I also believe that teachers [those who hold fast to morality] need to discuss sex education with our schoolchildren and teach them how to respect their bodies.
Having said that, and while I believe THE NATION was right in carrying the story, I am in total disagreement with the manner in which the article was written. In my opinion it was the worst form of journalism.
Why did the writer have to be so explicit – down to the fact of telling the public what the two teenagers did as they engaged in the act of sex? What came across to me was that the writer was quite smitten by what he saw.
Christine, we are living in turbulent times and we need to go back to the Bible. We need to pray for our society and pray for our youth. We need to show them love and to let them know that they are loved.
I want to take time out to commend Corey Worrell for his article in last Thursday’s paper. I commend him for his frankness. I believe he dealt with the subject at hand in the most professional way.

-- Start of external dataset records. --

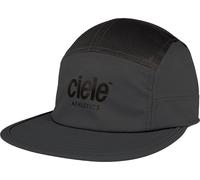 ciele gocap classic athletics light grey cap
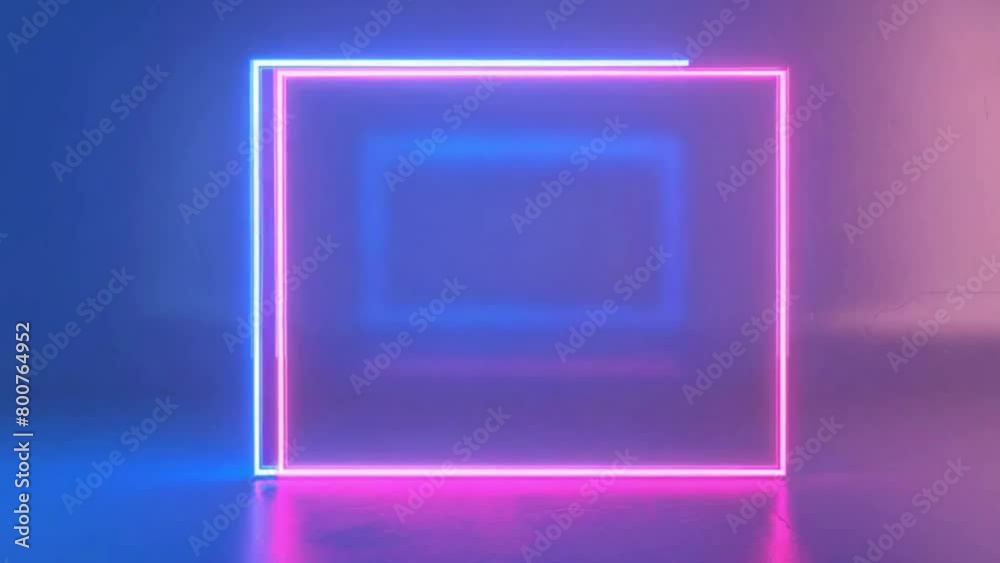glowing light glowing light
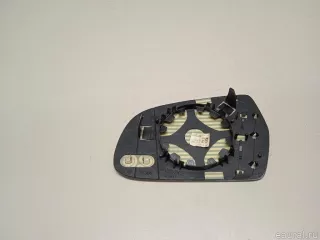 8K0857536F VAG Стекло зеркала правого Audi A4 B8 Арт E23717852, вид 6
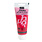 PEBEO Acrylique Fine Studio Acrylics 100 Ml Magenta Primaire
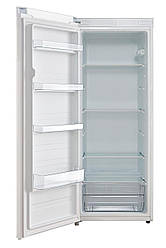 Холодильник Grifon DF-143W без морозильної камери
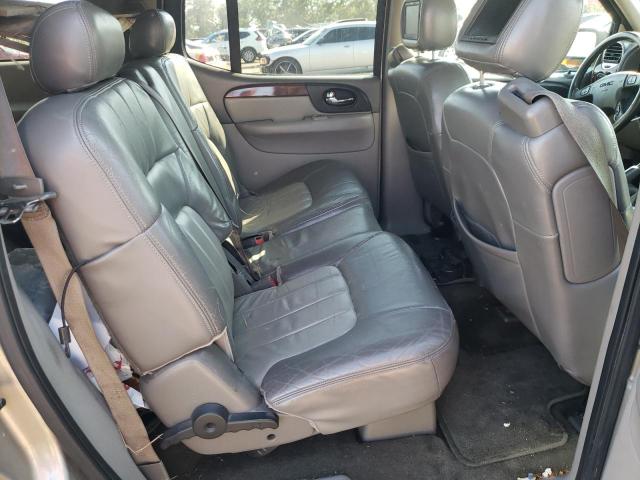 Photo 6 from auction – 2002 GMC ENVOY XL with VIN 1GKET16S126122480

We have got to wake up to what is taking place within our schools and homes and stop from blaming the media for bringing us the news as it is.
Many of us have spent such a long time on whether the article and photograph should or should not have been published, that we have missed the fact that we have a crisis on our hands and must look for ways to deal with it.

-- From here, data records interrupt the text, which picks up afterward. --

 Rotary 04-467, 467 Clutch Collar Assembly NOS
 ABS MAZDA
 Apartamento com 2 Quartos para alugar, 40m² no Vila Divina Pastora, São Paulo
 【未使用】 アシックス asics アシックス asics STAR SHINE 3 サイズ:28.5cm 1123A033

Our young people need better role models and they need God.
– S.G.
Dear S.G.,
Thanks for sharing. You’ve given readers some food for thought. I agree that we need to better educate our youth and that parents ought not to purchase the latest smartphones for their children.
You are also right in stating that we need to get back to the Bible and that we must keep praying for our young people. I will go one step further and say, we need to pray for our country as a whole.